### [Exercise brief]
Only those lines in the data below from the line containing "A Line Short" through the line containing "Download Levi Ackerman", both included, should be restated word for word.

-- Records follows --

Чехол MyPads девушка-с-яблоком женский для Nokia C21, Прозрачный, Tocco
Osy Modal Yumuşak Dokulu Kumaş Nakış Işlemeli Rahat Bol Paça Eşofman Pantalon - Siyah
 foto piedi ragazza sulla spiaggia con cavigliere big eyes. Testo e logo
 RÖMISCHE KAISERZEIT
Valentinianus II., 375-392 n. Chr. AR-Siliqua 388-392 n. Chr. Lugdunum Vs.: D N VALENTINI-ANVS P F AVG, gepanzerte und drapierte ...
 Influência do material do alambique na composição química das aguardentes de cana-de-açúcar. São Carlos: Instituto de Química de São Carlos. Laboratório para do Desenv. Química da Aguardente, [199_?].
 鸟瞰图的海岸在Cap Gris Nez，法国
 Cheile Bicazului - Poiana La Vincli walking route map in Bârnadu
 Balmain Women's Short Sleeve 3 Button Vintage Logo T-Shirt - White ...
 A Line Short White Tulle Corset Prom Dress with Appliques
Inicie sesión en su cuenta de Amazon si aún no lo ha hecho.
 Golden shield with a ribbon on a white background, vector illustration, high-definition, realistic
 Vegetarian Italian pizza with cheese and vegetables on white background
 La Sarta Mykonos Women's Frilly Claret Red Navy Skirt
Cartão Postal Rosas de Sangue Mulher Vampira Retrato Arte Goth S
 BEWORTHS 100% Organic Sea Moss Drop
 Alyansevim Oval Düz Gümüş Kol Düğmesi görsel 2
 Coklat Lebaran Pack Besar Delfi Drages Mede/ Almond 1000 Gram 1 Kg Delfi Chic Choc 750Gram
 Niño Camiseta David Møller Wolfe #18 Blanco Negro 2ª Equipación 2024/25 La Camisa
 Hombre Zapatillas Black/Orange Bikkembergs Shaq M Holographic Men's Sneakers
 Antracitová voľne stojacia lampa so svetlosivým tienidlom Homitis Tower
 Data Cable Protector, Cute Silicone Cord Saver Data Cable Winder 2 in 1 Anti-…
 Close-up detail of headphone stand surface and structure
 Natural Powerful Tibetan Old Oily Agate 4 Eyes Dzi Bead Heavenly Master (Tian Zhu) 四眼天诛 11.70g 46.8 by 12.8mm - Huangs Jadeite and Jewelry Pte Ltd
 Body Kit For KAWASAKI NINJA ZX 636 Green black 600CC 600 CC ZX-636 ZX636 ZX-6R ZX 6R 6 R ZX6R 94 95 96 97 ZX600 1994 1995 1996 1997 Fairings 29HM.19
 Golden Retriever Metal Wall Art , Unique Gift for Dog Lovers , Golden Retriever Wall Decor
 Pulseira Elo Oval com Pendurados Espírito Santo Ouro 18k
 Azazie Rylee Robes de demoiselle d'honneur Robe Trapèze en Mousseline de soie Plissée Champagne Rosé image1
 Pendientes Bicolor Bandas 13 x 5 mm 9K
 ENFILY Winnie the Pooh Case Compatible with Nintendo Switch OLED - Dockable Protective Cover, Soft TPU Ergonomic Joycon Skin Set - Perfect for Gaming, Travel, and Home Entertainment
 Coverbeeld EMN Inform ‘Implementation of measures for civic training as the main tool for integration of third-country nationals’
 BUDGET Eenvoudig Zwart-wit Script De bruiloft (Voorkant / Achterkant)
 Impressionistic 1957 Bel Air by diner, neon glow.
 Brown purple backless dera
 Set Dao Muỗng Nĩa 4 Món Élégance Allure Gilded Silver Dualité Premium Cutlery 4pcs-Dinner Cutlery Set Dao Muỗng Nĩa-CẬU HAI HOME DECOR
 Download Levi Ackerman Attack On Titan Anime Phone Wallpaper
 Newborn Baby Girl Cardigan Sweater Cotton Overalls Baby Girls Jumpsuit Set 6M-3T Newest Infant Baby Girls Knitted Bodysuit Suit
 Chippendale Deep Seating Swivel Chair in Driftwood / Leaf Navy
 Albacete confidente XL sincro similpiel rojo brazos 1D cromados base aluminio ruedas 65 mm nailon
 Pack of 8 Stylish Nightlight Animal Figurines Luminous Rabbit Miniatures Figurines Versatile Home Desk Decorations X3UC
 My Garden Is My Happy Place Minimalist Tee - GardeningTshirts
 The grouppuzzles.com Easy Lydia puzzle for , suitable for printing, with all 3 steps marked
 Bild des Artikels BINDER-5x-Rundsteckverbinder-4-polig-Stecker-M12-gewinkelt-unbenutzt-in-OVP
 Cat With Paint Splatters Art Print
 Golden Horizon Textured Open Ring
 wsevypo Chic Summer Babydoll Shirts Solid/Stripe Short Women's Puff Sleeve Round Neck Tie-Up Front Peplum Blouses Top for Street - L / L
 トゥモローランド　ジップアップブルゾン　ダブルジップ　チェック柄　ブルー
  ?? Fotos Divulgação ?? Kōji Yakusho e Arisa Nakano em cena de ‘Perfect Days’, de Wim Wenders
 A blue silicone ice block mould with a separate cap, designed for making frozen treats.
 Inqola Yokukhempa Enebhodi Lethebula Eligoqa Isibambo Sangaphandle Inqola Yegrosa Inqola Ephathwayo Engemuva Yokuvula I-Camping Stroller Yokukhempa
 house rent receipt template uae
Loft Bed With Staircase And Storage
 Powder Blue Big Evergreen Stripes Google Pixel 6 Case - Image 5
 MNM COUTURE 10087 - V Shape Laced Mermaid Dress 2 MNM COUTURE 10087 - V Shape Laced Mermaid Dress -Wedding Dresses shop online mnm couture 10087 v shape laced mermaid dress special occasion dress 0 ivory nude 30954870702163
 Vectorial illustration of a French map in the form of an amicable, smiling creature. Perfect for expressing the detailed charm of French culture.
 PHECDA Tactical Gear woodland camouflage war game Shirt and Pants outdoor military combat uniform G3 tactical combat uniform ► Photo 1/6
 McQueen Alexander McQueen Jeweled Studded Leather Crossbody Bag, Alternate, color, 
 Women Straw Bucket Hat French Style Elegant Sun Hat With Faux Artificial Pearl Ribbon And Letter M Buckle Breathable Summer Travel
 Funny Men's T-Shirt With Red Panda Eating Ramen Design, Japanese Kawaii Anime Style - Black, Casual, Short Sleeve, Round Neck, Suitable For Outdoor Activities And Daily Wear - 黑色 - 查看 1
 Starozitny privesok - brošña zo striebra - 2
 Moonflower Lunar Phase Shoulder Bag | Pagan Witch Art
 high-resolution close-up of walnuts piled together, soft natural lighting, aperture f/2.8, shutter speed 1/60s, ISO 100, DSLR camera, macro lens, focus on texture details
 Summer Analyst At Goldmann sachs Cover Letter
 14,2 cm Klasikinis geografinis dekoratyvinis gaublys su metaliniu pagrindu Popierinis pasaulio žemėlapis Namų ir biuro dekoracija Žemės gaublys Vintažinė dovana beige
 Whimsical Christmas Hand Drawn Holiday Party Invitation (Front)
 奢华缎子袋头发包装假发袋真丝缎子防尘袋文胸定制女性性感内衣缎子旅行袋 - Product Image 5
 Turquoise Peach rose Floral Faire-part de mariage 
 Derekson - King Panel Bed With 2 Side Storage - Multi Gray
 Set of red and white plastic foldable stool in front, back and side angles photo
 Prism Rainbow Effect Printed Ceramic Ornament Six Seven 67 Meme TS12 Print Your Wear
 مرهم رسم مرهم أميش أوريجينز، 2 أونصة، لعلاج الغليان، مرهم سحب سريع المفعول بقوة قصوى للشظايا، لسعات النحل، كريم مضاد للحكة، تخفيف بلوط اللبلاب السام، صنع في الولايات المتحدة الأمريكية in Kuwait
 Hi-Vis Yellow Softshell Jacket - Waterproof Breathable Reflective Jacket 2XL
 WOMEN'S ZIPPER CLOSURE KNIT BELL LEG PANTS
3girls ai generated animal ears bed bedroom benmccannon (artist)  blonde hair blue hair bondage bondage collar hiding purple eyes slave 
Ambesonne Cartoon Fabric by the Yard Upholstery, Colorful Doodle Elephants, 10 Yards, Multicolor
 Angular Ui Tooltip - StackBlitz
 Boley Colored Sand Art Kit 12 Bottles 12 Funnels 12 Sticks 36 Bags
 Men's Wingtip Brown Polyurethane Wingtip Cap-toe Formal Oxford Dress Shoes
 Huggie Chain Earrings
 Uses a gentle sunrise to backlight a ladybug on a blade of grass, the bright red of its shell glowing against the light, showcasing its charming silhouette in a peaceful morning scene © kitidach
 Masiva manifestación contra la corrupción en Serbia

-- Records concluded --

### [The answer]
 A Line Short White Tulle Corset Prom Dress with Appliques
Inicie sesión en su cuenta de Amazon si aún no lo ha hecho.
 Golden shield with a ribbon on a white background, vector illustration, high-definition, realistic
 Vegetarian Italian pizza with cheese and vegetables on white background
 La Sarta Mykonos Women's Frilly Claret Red Navy Skirt
Cartão Postal Rosas de Sangue Mulher Vampira Retrato Arte Goth S
 BEWORTHS 100% Organic Sea Moss Drop
 Alyansevim Oval Düz Gümüş Kol Düğmesi görsel 2
 Coklat Lebaran Pack Besar Delfi Drages Mede/ Almond 1000 Gram 1 Kg Delfi Chic Choc 750Gram
 Niño Camiseta David Møller Wolfe #18 Blanco Negro 2ª Equipación 2024/25 La Camisa
 Hombre Zapatillas Black/Orange Bikkembergs Shaq M Holographic Men's Sneakers
 Antracitová voľne stojacia lampa so svetlosivým tienidlom Homitis Tower
 Data Cable Protector, Cute Silicone Cord Saver Data Cable Winder 2 in 1 Anti-…
 Close-up detail of headphone stand surface and structure
 Natural Powerful Tibetan Old Oily Agate 4 Eyes Dzi Bead Heavenly Master (Tian Zhu) 四眼天诛 11.70g 46.8 by 12.8mm - Huangs Jadeite and Jewelry Pte Ltd
 Body Kit For KAWASAKI NINJA ZX 636 Green black 600CC 600 CC ZX-636 ZX636 ZX-6R ZX 6R 6 R ZX6R 94 95 96 97 ZX600 1994 1995 1996 1997 Fairings 29HM.19
 Golden Retriever Metal Wall Art , Unique Gift for Dog Lovers , Golden Retriever Wall Decor
 Pulseira Elo Oval com Pendurados Espírito Santo Ouro 18k
 Azazie Rylee Robes de demoiselle d'honneur Robe Trapèze en Mousseline de soie Plissée Champagne Rosé image1
 Pendientes Bicolor Bandas 13 x 5 mm 9K
 ENFILY Winnie the Pooh Case Compatible with Nintendo Switch OLED - Dockable Protective Cover, Soft TPU Ergonomic Joycon Skin Set - Perfect for Gaming, Travel, and Home Entertainment
 Coverbeeld EMN Inform ‘Implementation of measures for civic training as the main tool for integration of third-country nationals’
 BUDGET Eenvoudig Zwart-wit Script De bruiloft (Voorkant / Achterkant)
 Impressionistic 1957 Bel Air by diner, neon glow.
 Brown purple backless dera
 Set Dao Muỗng Nĩa 4 Món Élégance Allure Gilded Silver Dualité Premium Cutlery 4pcs-Dinner Cutlery Set Dao Muỗng Nĩa-CẬU HAI HOME DECOR
 Download Levi Ackerman Attack On Titan Anime Phone Wallpaper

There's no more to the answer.